Mezclo harina, sal y vinagre en un balde vacío hasta lograr una pasta uniforme que vierto en una olla con agua hirviendo. Espero a que salgan burbujas, retiro del fuego, revuelvo. Echo cada ollada de engrudo en el balde, pero me quedo sin lugar donde preparar la pasta. Mi cocina es una trinchera y la tarea me lleva horas. Cargo los afiches que anuncian mi propia performance en una bolsa al hombro, además del engrudo en el pesadísimo balde y un cepillo.

 

 

Son las diez de la noche. La ciudad parece un escenario al que no llegaron los actores. En la esquina de Córdoba y Bonpland pego el primer afiche con torpeza. El segundo, sobre un cartel de la película Aladdín: hundo el cepillo en el engrudo caliente, embadurno la superficie, estiro el papel y lo aliso con intensidad mirando por las dudas a ambos costados. Si voy a hacer esto, pienso, lo haré a fondo. Estampo carteles en cualquier lado, menos en árboles y en casas que están o parecen habitadas. Los vecinos que pasean sus mascotas no se inmutan al verme en acción. No hace frío. Lo más incómodo es cargar el balde, que cambio de mano para equilibrar esfuerzos. La noche será larga. A medida que avanzo en la labor, los dedos de la mano derecha, con los que maniobro el cepillo, se petrifican por el engrudo. Me duelen los nudillos, que raspan la manija del cepillo. Pasa un móvil policial y me hago el distraído.

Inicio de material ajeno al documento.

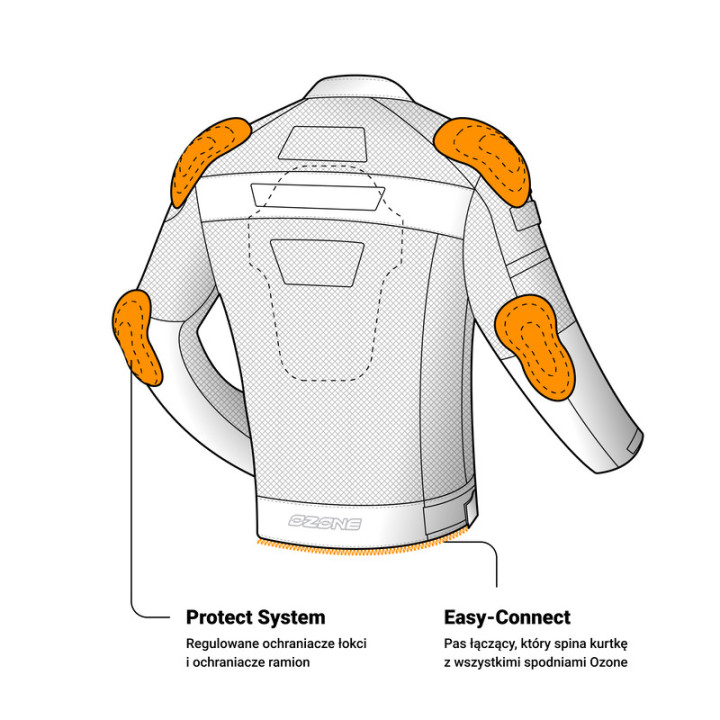 KURTKA MOTOCYKLOWA TEKSTYLNA OZONE DART BLACK FLUO YELLOW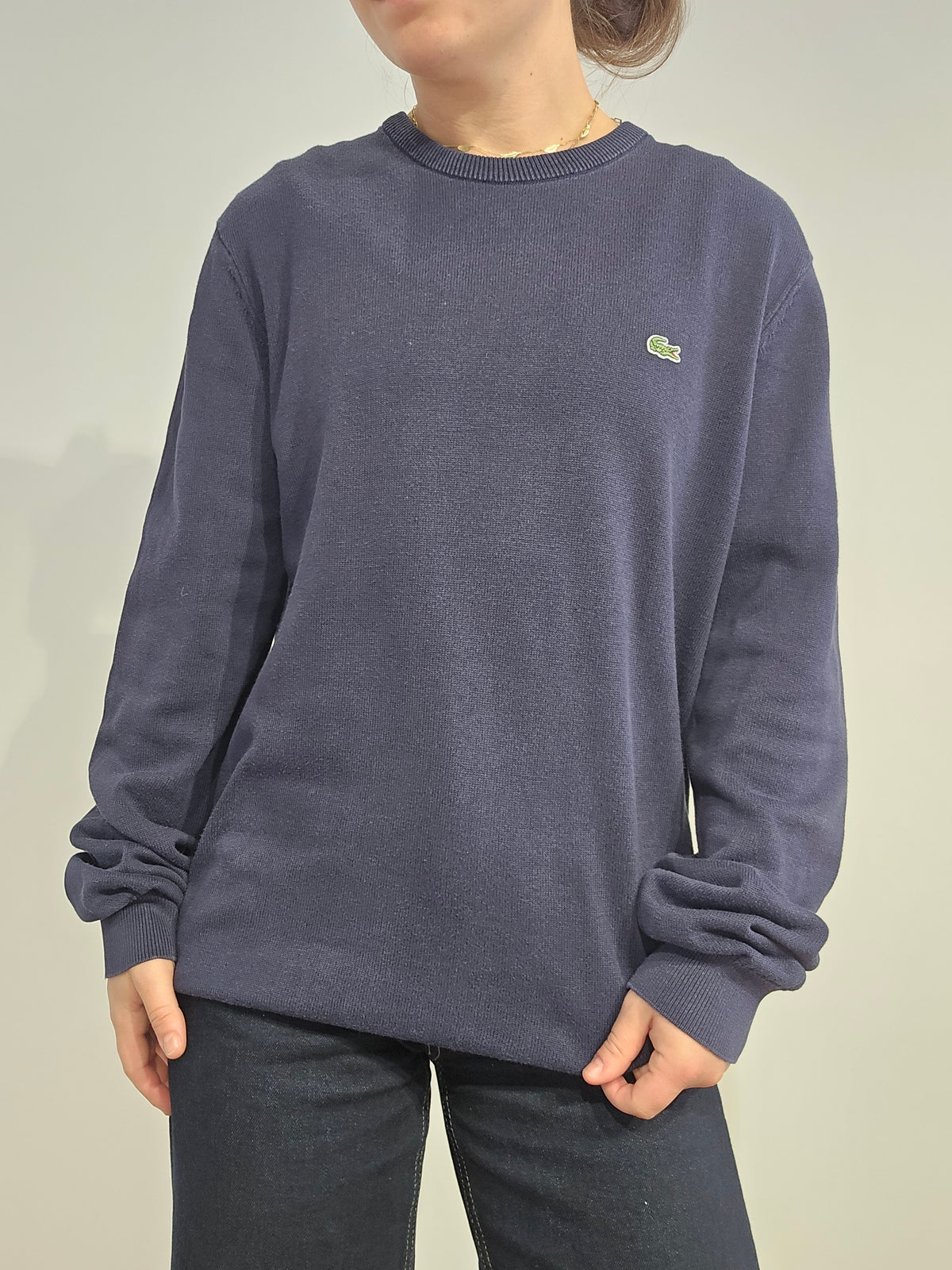 Pull bleu foncé en coton - M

Quedo un rato solo pegando en silencio. La luz de la ciudad es biliosa. Aparece un espectador con el celular en la mano. Venía siguiendo mi ubicación en la app que comparte mis rutas cada día hasta que dio conmigo. Caminamos sin decir nada. Me gusta la compañía. Le pego un afiche a la cara de Messi en otro afiche y el repentino espectador suelta una carcajada.

¿Adónde están los pegadores clandestinos de afiches? Los «legales» merodean porque veo carteles con la cola chorreante. Otros interrogantes mientras avanzo, mudo: ¿qué es actuar?, ¿quién ve esto?, ¿está mal que vuelva a mi cama caliente? Integro, aflojo, disuelvo, comparto. «Dejar la pose», leo en un stencil cerca de la Plaza Mafalda. No sé cuánto gana un afichero clandestino ni cuánto tiempo trabaja, pero la tarea es ilegal —¿habrá algún arreglo para «liberar» la zona?— y quien la hace se juega la piel.

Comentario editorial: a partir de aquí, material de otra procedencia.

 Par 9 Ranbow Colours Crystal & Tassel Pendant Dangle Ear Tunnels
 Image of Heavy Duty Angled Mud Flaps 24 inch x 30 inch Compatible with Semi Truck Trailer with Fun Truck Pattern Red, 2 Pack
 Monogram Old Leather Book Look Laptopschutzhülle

Son las dos de la mañana cuando me quedo sin afiches. En el cruce de Olleros y Martínez freno a descansar. Quisiera ir al baño, pero no tengo dónde. Pasa otro móvil. El policía al volante quiere saber qué hago acá parado, qué hay en el balde. «Engrudo», le digo, y sigue de largo.

 

LUNES 20 DE MAYO — arbolito (calle Florida), de 10h. a 18 h.

Me despierto a las ocho con engrudo en las manos. Dormí poco y me tiemblan los brazos, pero salto de la cama. Días atrás caminando por Florida abordé a Gonzalo. Le conté mi plan de hacer su trabajo y me llevó con Franco, el «patrón». Los nombres de las personas de esta bitácora son inventados; de otro modo, correrían riesgos. Detrás de los arbolitos hay un bosque oscuro. En su local de una galería cercana, Franco me explicó que también fue arbolito y que deberé trabajar solo porque los clientes se asustan. «Esto es plata, pero no hay delito: no te pueden detener por decir ‘cambio’ en la calle o pactar algo con otra persona», agregó.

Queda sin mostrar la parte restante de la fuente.